* **Data excerpt**
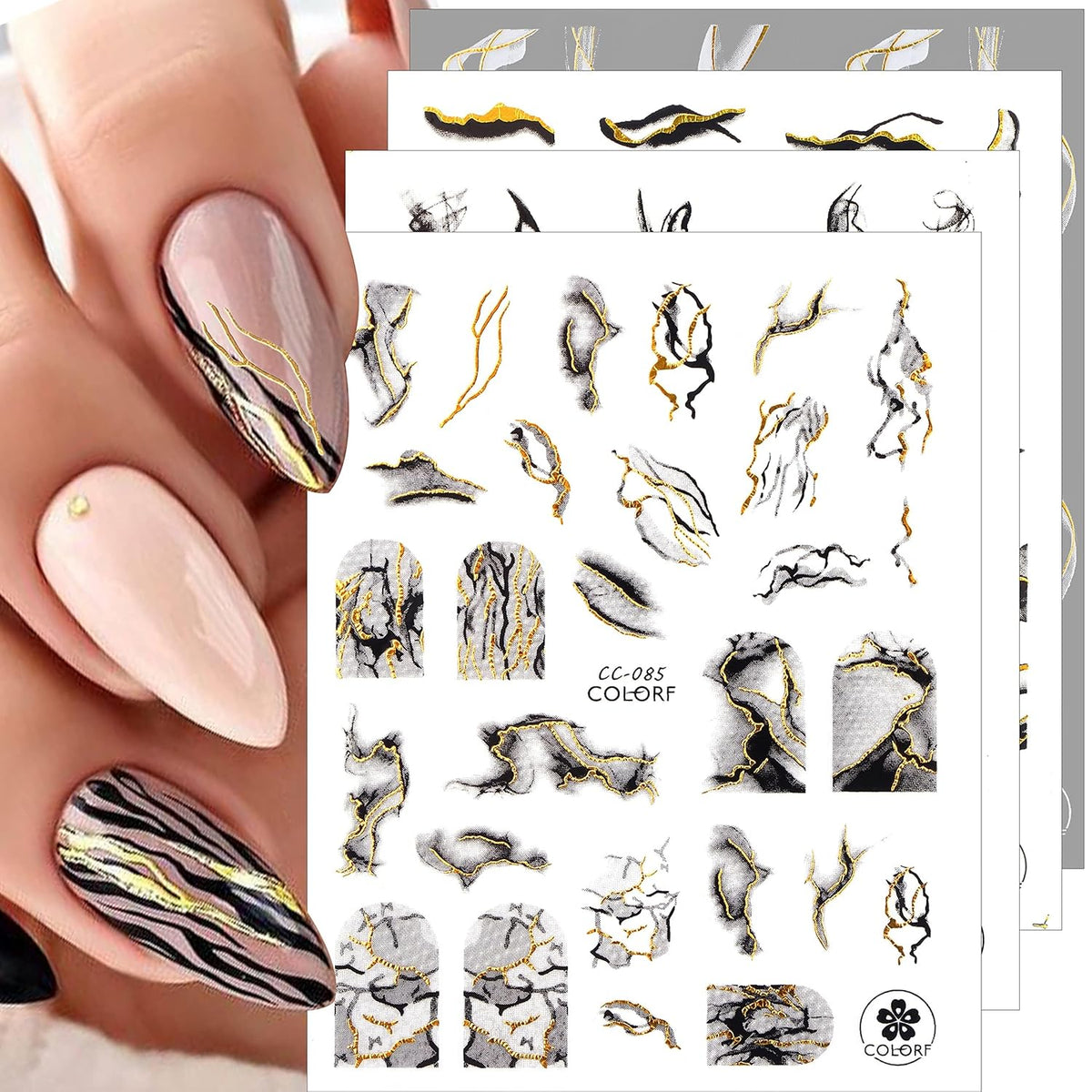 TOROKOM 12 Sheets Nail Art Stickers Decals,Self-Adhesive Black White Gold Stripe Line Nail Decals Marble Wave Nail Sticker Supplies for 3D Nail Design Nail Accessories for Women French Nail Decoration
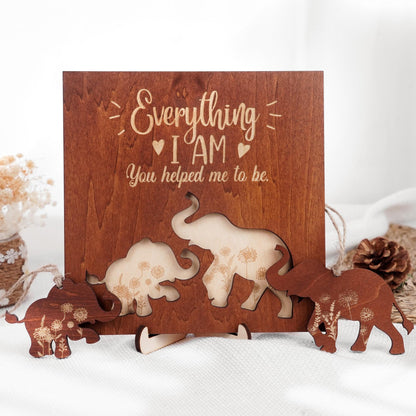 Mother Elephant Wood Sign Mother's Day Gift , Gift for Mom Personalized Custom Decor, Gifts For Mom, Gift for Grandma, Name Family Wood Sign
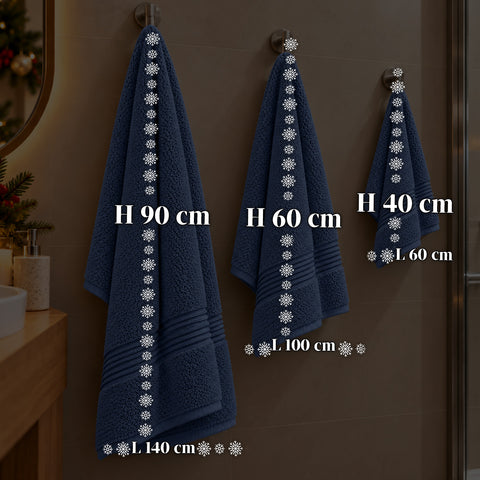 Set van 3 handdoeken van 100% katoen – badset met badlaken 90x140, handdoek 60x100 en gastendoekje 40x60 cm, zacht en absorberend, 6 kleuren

* **Exercise aim**
Please return only the lines running from the line with "Mother Elephant Wood" to the final line of the data, both included, exactly and without any pictures.

* **Your solution**
 Mother Elephant Wood Sign Mother's Day Gift , Gift for Mom Personalized Custom Decor, Gifts For Mom, Gift for Grandma, Name Family Wood Sign
 Set van 3 handdoeken van 100% katoen – badset met badlaken 90x140, handdoek 60x100 en gastendoekje 40x60 cm, zacht en absorberend, 6 kleuren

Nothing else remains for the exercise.